- Artist: David Wilkie
- Year: 1836
- Type: Oil on panel, history painting
- Dimensions: 64.6 cm × 55.2 cm (25.4 in × 21.7 in)
- Location: Aberdeen Art Gallery, Aberdeen;

= The Duke of Wellington Writing Dispatches =

Painting by David Wilkie

The Duke of Wellington Writing Dispatches is an 1836 history painting by the British artist David Wilkie. It shows the Duke of Wellington the night before the Battle of Waterloo writing to the King of France Louis XVIII who was then in exile in Ghent by lamplight to inform him of the coming battle.

The painting was commissioned by James Willoughby Gordon, the Quartermaster-General along with a portrait of the Duke of York produced in 1823, although the project was long-delayed. Wilkie intended it to show Wellington writing the dispatch announcing the victory at Waterloo in his battlefield headquarters, making it a loose companion to one of his best-known works The Chelsea Pensioners Reading the Waterloo Dispatch from 1822. However, Gordon pointed out that this was historically inaccurate as the Waterloo dispatch was written in Brussels.

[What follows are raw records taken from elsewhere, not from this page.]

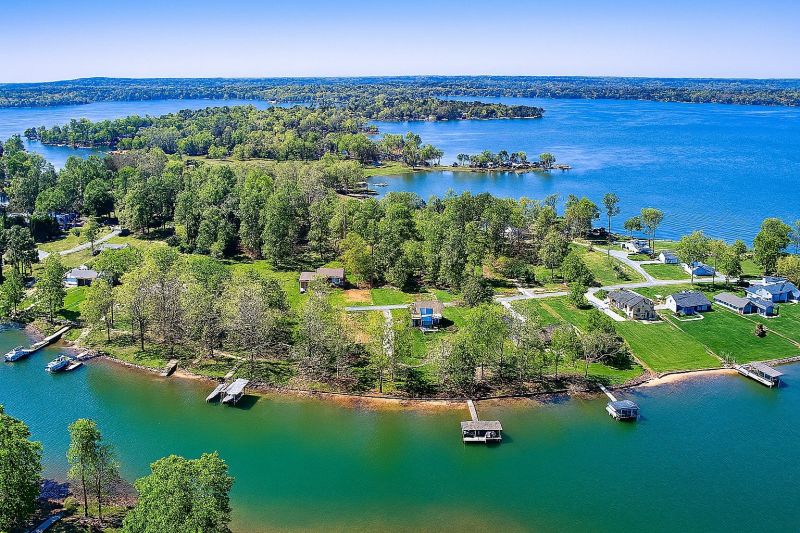 Local Drawer Hardware Replacement in Denver, NC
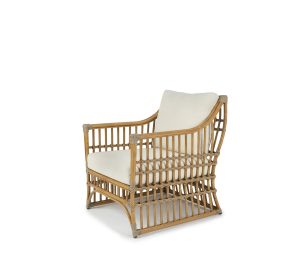 durable outdoor chair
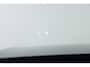 Volvo XC60 T8 Plug-in-hybrid AWD Polestar Engineered | harman/kardon | PANORMADAK | 360 Camera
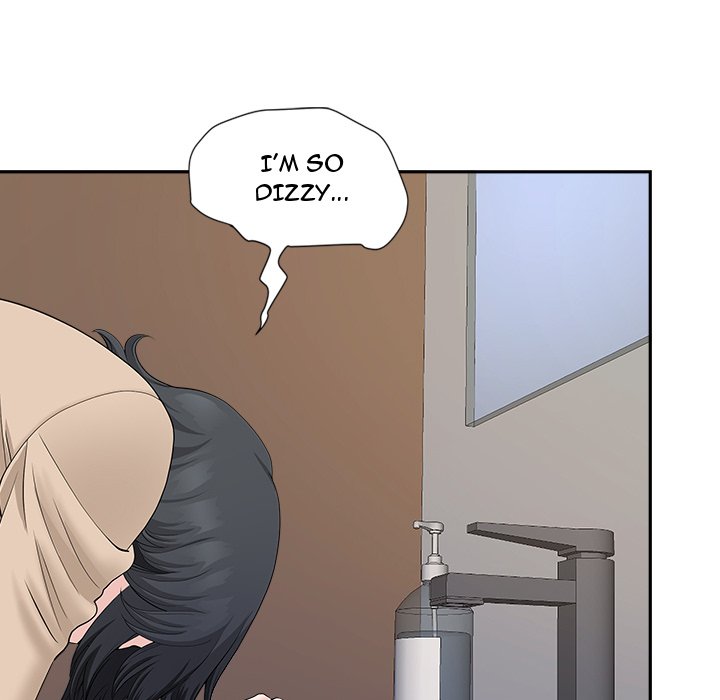 My Husband’s a Twin! Chapter 26 image 18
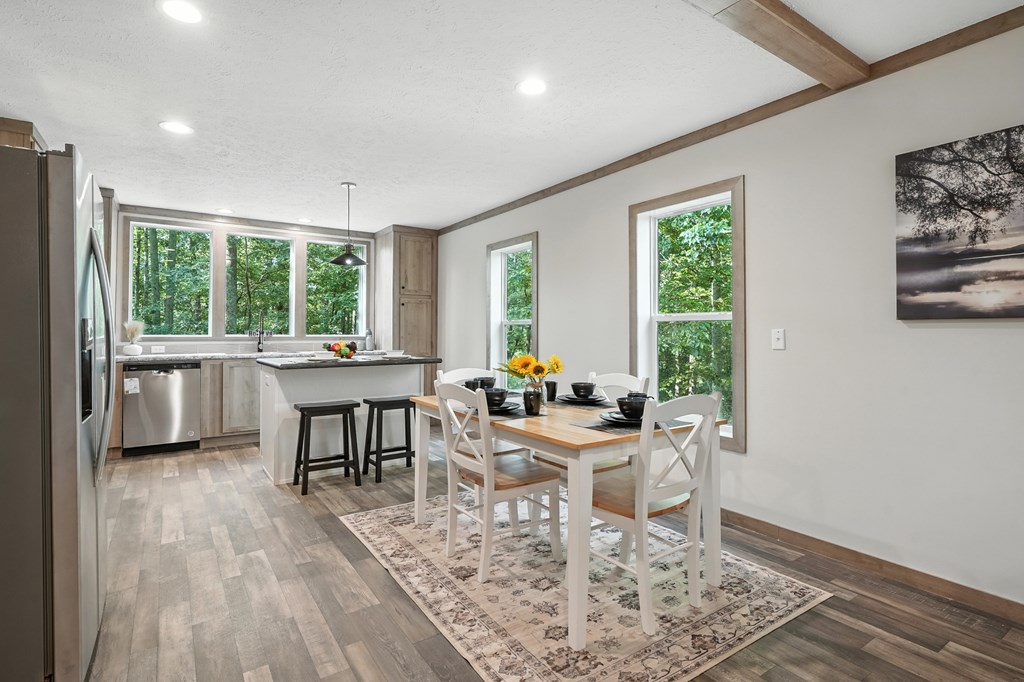 2373 Rainbow Ridge Road Hiawassee, GA 30546 - Photo 15 of 41 Gallery Image 15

Instead when it was displayed at the Royal Academy Exhibition of 1836 at Somerset House in London it was under the title The Duke of Welliington Writing to the King of France on the Eve of Waterloo. In fact this was itself inaccurate as Wellington had in fact written not to Louis, but to the king's nephew Charles Ferdinand, Duke of Berry at three o'clock in the morning. Today the painting is in the collection of the Aberdeen Art Gallery having been acquired in 1938.

==Bibliography==
- Tromans, Nicholas. David Wilkie: The People's Painter. Edinburgh University Press, 2007.
- Wellesley, Charles. Wellington Portrayed. Unicorn Press, 2014.
- Wright, Christopher, Gordon, Catherine May & Smith, Mary Peskett. British and Irish Paintings in Public Collections: An Index of British and Irish Oil Paintings by Artists Born Before 1870 in Public and Institutional Collections in the United Kingdom and Ireland. Yale University Press, 2006.